The obtained Zn (QSA) ₂ and LiOH (or NaOH) were added to 100 mL of ethanol in a 1: 2 equivalent ratio and reacted at room temperature for 1 hour. The precipitates were separated from the reaction mixture and dried in vacuo for at least 24 hours to give a bis (8-hydroxyquinolinate-5-sulfonic acid lithium salt) zinc complex (Zn (QSLi) ₂ )-compound 9) and bis (8 -Hydroxyquinolinate-5-sulfonic acid sodium salt) zinc complex (Zn (QSNa) ₂ )-compound 10) was obtained.

Table 1 shows the maximum light emission wavelength and emission color of the synthesized compound.

Example 6: Preparation of Compounds 11 and 12

8-hydroxyquinoline-5-sulfonic acid and AlCl ₃ were added to 250 ml of ethanol as a reaction solvent in a molar ratio of 3: 1, and the mixture was refluxed at 78 DEG C for 4 hours. The reaction mixture was filtered and dissolved in excess water. Subsequently, water is removed under vacuum to obtain tris (8-hydroxyquinoline-5-sulfonic acid) aluminum (Al (QSA) ₃ ) as a reaction intermediate.

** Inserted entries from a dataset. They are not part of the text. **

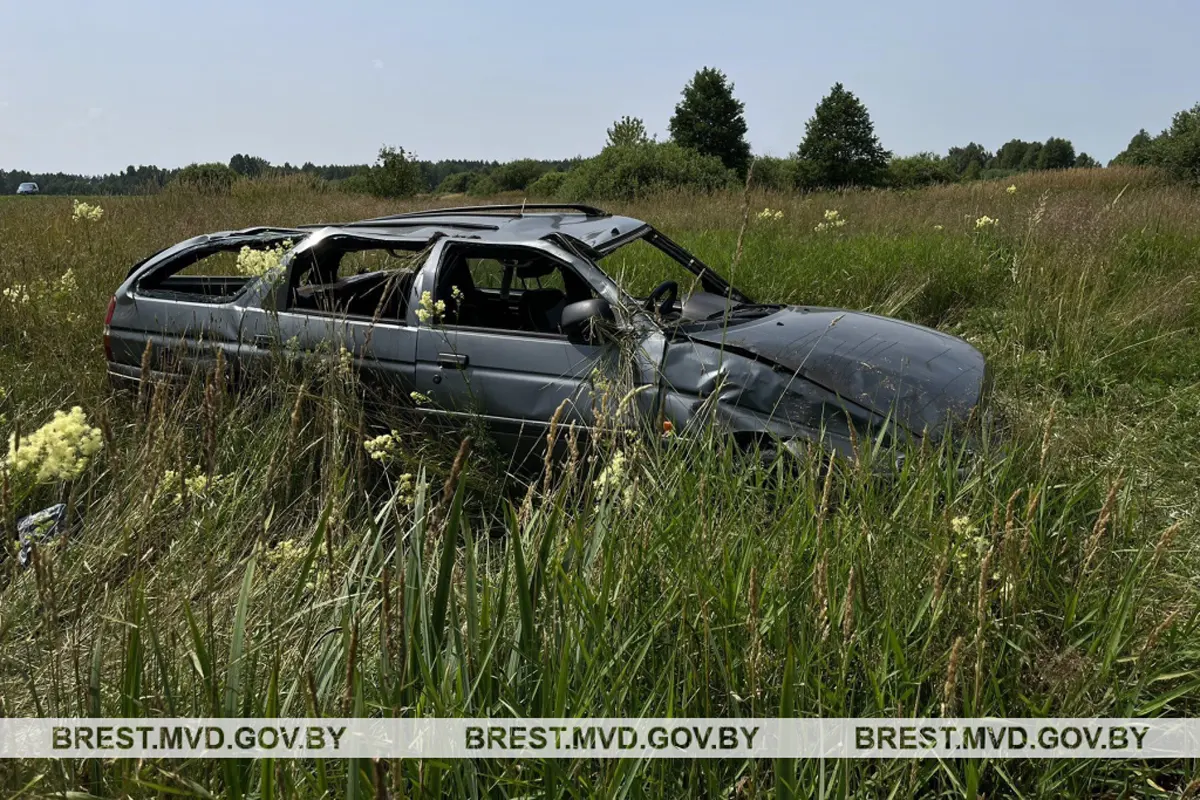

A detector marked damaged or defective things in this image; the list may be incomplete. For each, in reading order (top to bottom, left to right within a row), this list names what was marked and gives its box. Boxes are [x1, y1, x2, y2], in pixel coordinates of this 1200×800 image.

crushed car roof [304, 202, 652, 248]
bent car door [414, 241, 620, 456]
wrecked station wagon [103, 203, 988, 460]
broken side mirror [564, 296, 620, 342]
damaged hood [688, 308, 988, 438]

The Al (QSA) ₃ and LiOH (or NaOH) obtained above were added to 100 ml of ethanol in a 1: 3 equivalent ratio, and reacted at room temperature for 1 hour. The precipitate was separated from the reaction mixture and dried in vacuo for at least 24 hours to give the final product tris (8-hydroxyquinolinato-5-sulfonic acid lithium salt) aluminum complex (Al (QSLi) ₃ )-compound 11) and Tris (8-hydroxyquinolinate-5-sulfonic acid sodium salt) aluminum complex (Al (QSNa) ₃ )-compound 12) was obtained.

Table 1 shows the maximum light emission wavelength and emission color of the synthesized compound.

Example 7: Preparation of Compound 14

2- (2-hydroxyphenyl) benzoxazole and sodium hydroxide were injected into 250 mL of ethanol in a molar ratio of 1: 1 and refluxed at 78 ° C. for 4 hours. The reaction mixture was filtered and the remaining solvent and water were removed under vacuum to give the desired 2- (2-hydroxyphenyl) benzoxazole-sodium complex) (Compound 14).

It can be seen that this compound has a maximum light emission wavelength of about 455 nm and is blue as summarized in Table 1.

Example 8: Preparation of Compounds 15 and 16

2- (2-hydroxybenzotriazole) -p-cresol and LiOH (or NaOH) were added to 250 mL of ethanol in a molar ratio of 1: 1 and the mixture was refluxed at 78 ° C. for 4 hours. The reaction mixture was filtered and the remaining solvent and water were removed under vacuum to yield the desired 2- (2-hydroxybenzotriazole) -p-cresol lithium complex (LiBTZC) (compound 15) and 2- (2-hydroxybenzo Triazole) -p-cresol sodium complex (NaBTZC) (Compound 16) was prepared.

It can be seen that these compounds have green light with maximum light emission wavelengths of about 508 nm and 512 nm, as summarized in Table 1.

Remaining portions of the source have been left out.